A U.S. immigration judge has ordered the deportation of former Nazi death camp guard Anton Geiser to Austria or any other country that will host him.

According to a statement released by the U.S. Justice Department, 85-year-old Geiser immigrated to the United Sates from Austria in 1956 and became a naturalized U.S. citizen six years later.

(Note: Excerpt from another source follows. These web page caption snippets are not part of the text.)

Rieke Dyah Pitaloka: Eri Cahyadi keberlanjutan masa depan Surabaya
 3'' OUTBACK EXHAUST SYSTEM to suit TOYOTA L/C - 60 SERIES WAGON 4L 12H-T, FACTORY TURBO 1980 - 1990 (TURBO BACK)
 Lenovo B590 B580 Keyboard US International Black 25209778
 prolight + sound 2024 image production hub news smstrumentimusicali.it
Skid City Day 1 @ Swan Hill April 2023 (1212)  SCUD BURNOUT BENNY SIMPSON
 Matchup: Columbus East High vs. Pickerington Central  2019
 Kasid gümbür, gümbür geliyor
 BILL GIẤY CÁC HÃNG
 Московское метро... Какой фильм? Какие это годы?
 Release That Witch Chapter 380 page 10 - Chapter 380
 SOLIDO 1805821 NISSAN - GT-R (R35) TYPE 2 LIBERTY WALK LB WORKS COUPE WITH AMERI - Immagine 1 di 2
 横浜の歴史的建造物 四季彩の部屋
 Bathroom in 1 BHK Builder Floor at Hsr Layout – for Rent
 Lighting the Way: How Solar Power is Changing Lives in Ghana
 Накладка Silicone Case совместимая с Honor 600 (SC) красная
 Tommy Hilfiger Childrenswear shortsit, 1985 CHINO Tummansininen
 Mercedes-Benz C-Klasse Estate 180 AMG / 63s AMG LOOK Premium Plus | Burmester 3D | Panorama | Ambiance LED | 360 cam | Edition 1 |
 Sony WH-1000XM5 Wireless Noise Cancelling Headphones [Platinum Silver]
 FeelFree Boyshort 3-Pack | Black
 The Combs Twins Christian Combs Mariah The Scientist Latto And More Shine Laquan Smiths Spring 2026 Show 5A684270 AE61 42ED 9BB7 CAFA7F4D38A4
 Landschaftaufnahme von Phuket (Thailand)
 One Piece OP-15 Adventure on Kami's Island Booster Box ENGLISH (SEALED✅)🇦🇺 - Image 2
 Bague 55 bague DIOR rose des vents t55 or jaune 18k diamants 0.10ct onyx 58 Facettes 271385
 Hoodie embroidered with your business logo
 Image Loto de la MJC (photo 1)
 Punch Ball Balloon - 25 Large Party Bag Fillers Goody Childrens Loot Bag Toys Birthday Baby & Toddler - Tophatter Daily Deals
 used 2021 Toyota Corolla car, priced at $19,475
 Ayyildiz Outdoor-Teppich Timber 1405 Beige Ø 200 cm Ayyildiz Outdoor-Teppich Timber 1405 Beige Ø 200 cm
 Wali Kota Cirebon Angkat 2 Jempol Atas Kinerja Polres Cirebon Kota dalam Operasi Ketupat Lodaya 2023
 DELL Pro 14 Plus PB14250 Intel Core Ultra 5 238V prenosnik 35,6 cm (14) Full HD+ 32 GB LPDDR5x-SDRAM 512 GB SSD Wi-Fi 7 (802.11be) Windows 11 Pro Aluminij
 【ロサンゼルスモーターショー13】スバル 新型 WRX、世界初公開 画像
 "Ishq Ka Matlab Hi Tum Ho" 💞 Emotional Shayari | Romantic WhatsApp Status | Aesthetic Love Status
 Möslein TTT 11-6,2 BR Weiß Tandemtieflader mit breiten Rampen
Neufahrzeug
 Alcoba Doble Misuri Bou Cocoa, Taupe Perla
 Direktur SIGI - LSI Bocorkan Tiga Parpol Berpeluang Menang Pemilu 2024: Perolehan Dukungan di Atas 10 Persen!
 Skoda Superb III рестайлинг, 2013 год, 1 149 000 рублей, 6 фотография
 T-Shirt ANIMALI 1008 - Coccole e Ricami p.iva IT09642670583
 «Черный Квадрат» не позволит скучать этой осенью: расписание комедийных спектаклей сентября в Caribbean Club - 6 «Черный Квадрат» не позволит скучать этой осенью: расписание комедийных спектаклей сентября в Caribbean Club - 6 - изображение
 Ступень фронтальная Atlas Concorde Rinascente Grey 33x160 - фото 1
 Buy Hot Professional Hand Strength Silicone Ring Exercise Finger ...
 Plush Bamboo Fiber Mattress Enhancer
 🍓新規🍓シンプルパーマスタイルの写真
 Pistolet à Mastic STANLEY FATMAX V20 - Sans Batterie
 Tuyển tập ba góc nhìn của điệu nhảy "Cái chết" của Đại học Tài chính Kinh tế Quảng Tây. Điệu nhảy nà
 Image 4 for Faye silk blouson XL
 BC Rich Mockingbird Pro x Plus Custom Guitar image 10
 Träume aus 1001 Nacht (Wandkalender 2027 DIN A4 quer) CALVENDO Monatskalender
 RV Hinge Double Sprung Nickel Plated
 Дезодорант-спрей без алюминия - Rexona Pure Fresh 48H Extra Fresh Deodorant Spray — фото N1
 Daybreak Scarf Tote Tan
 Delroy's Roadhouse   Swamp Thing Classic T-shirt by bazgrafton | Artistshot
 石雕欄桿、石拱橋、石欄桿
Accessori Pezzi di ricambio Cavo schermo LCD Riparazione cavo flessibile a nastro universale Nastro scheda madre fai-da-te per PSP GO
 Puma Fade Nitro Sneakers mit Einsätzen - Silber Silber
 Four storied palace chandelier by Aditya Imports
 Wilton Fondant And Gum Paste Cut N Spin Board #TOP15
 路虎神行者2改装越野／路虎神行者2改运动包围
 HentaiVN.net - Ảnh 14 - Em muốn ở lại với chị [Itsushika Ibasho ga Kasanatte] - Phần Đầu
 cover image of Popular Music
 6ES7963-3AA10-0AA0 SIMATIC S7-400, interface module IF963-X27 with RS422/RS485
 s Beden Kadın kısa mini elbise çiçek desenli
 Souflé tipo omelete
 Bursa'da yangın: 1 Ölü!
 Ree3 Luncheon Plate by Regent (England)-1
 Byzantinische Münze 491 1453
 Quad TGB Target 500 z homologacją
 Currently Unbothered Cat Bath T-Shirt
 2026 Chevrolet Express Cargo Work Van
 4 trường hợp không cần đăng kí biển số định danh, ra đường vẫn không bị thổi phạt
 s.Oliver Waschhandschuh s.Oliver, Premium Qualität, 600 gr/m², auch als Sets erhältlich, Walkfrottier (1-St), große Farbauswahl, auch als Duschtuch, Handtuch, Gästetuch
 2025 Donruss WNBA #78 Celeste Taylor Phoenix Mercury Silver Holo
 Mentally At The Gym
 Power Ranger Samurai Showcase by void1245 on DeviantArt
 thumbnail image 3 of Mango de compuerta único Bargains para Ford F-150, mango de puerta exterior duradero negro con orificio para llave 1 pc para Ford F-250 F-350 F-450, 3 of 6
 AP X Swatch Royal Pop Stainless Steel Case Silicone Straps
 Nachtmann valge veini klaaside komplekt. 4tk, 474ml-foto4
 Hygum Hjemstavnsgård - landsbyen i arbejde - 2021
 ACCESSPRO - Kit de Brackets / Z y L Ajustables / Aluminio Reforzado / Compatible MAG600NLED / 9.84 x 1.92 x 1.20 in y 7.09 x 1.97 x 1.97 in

In 2006, a federal court in Pennsylvania revoked Geiser’s citizenship after ruling he had served as a concentration camp guard during World War II.

“As a Nazi concentration camp guard during World War II, Anton Geiser must be held to account for his role in the persecution of countless men, women and children,” Assistant U.S. Attorney General Lanny Breuer said in a statement. “The long passage of time will not diminish our resolve to deny refuge to such individuals.”

During the court proceedings to revoke his U.S. citizenship, Geiser claimed that he was “coercively inducted into the Nazi Waffen SS, sent to the Russian front as a combat soldier and then assigned to serve as a guard at two concentration camps.”

He argued that he did not voluntarily serve as a guard, and was there for eligible to emigrate under the Refugee Relief Act of 1953.

“Without Anton Geiser and other members of the SS Death’s Head guard battalions, the Nazi concentration camp system could not have accomplished its diabolical objectives.” Said Eli Rosenbaum, Director of Human Rights Enforcement at the US Department of Justice.